• Extracted records:
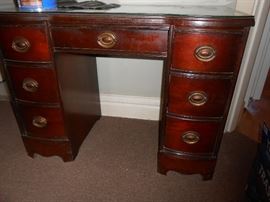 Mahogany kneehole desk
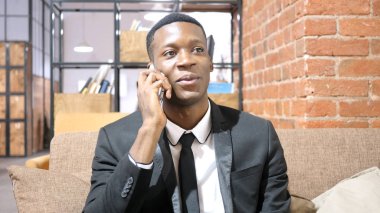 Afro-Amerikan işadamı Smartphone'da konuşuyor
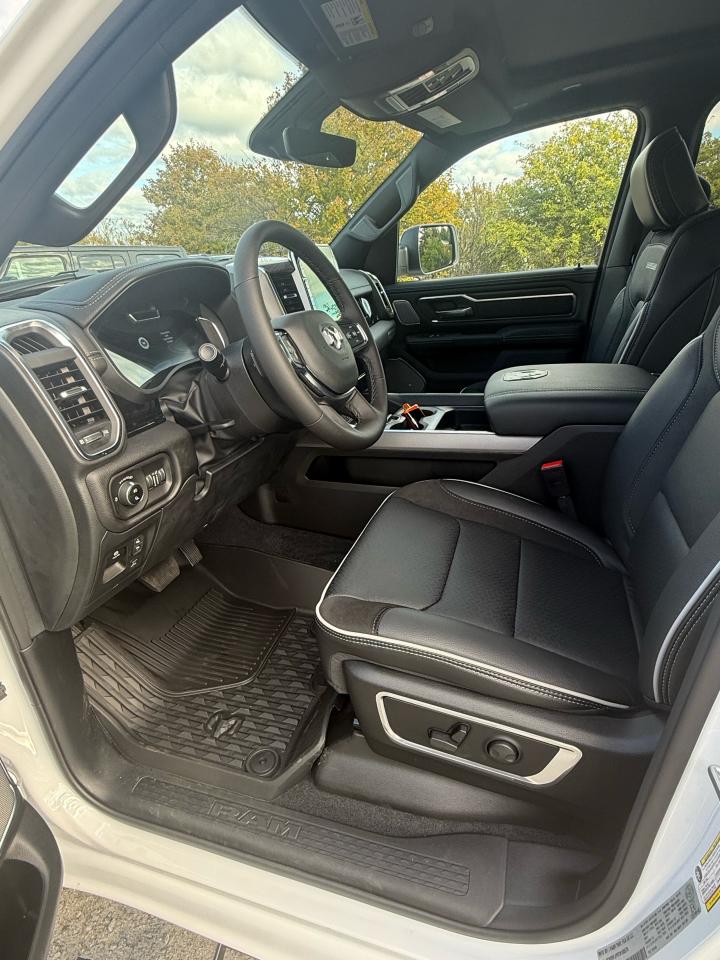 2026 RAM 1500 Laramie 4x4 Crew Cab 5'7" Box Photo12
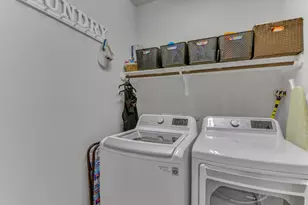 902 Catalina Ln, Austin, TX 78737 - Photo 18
* * *
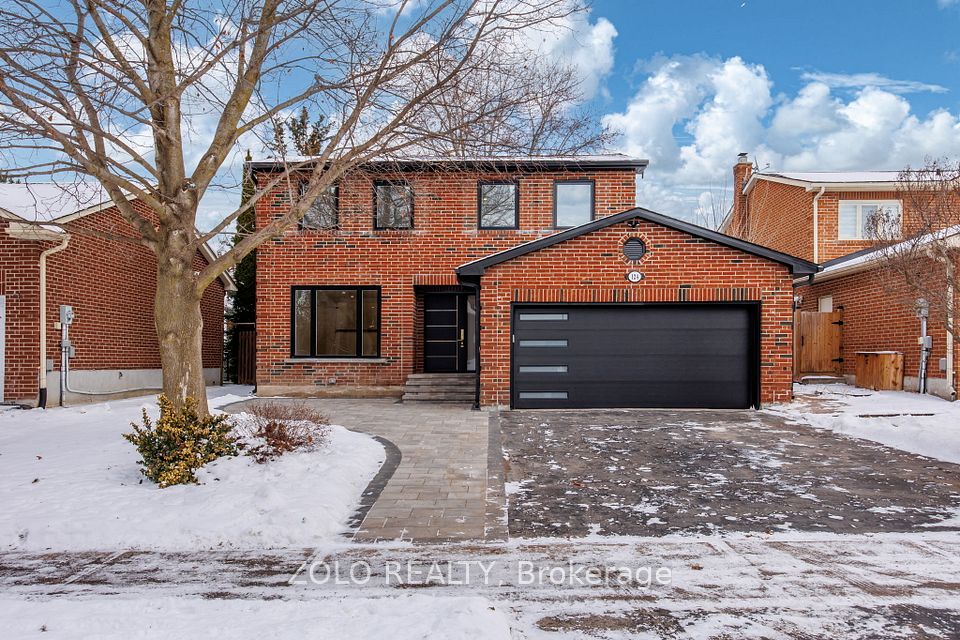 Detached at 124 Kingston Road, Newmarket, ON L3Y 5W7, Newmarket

• Task to carry out:
With pictures omitted, repeat the entries above word for word from the line holding "Afro-Amerikan işadamı Smartphone'da" down to the line holding "902 Catalina Ln, Austin, TX 78737 - Photo 18", keeping both of those lines.

• Answer box:
 Afro-Amerikan işadamı Smartphone'da konuşuyor
 2026 RAM 1500 Laramie 4x4 Crew Cab 5'7" Box Photo12
 902 Catalina Ln, Austin, TX 78737 - Photo 18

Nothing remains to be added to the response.